BA Recovery Literature
Read at the end of meetings. Read when the math is bad. Read whenever you need to remember why you started.
If we are even a little bit honest with ourselves — and we mean a little bit, nobody's asking for a memoir — things will get weird. In the good way.
We will stop lying awake at 3am doing the math on our own lives in milliliters.
This is the one people read at meetings and something in the room shifts. We do not fully understand why. We have stopped questioning it.
No matter how spectacularly we went down — and some of us went down, historically, embarrassingly, legendarily down — we will find that the wreckage has an address and we can visit it without moving back in.

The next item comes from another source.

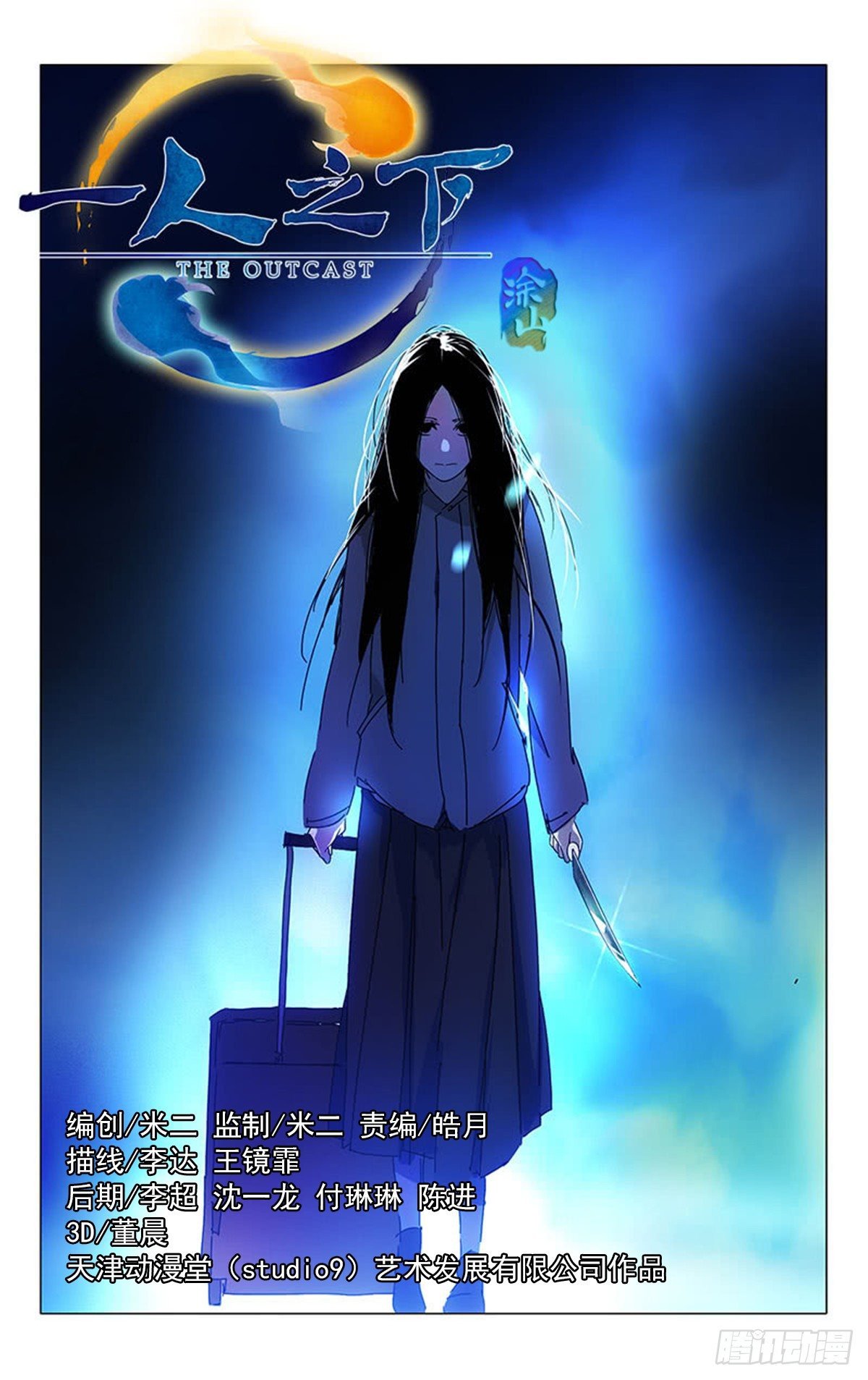 1.姐姐1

The shame will not kill us.
It tried. We're still here.
We will develop the startling ability to sit in a room full of people without immediately calculating the exits. We will eat breakfast. We will find out what we actually think about things, now that the boofing isn't doing our thinking for us.
The people who loved us when we were at our worst will still be there. Some of them. The ones who couldn't stay — we will understand why, eventually, without making it mean something it doesn't.

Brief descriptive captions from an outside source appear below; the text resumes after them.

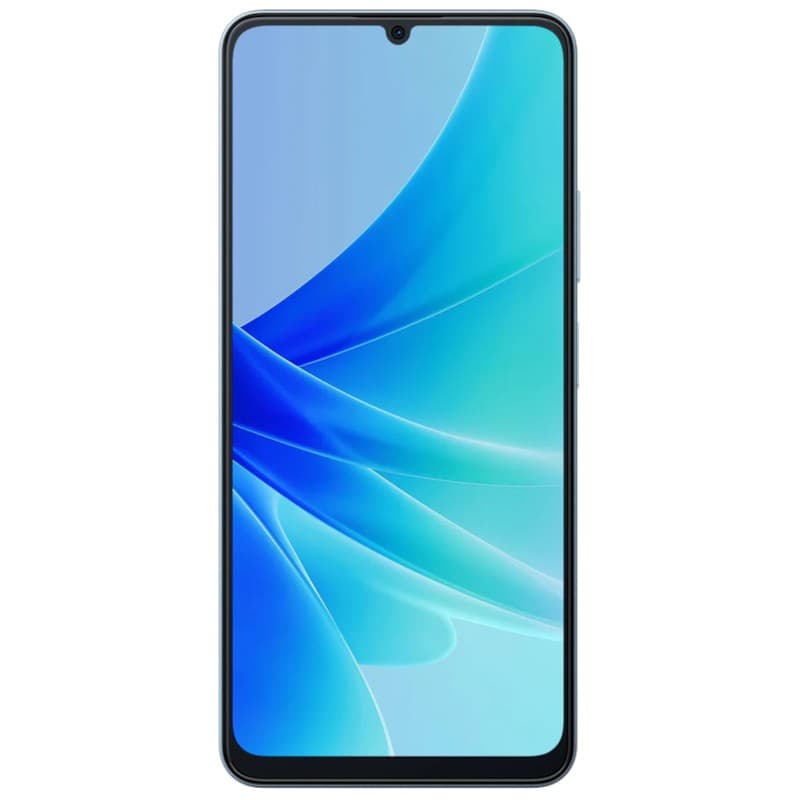 Blackview Oscal Modern 8 8GB/256GB Azul
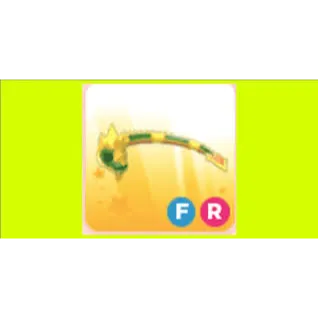 FR NAGA DRAGON CHEAP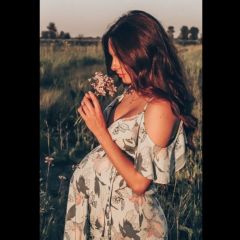 Katy.31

Some of us will still be disasters. Functional disasters. The good kind. The kind that shows up on time and remembers your birthday and only occasionally disappears for three days without explanation.
Are these extravagant promises? Probably. We're Boofers. Extravagance is in the blood. But they're happening anyway — messily, slowly, sometimes embarrassingly — in church basements and parking lots and group chats and wherever the hell this website counts as.
These things will come to pass for us if we work for them.
Sometimes quickly. Sometimes slowly.
They will always materialize if we do not quit — on the work,
on ourselves, or on each other.
ARE THESE EXTRAVAGANT PROMISES? MAYBE. · WE THINK NOT.
The twelfth promise brings you in. The thirteenth keeps you coming back.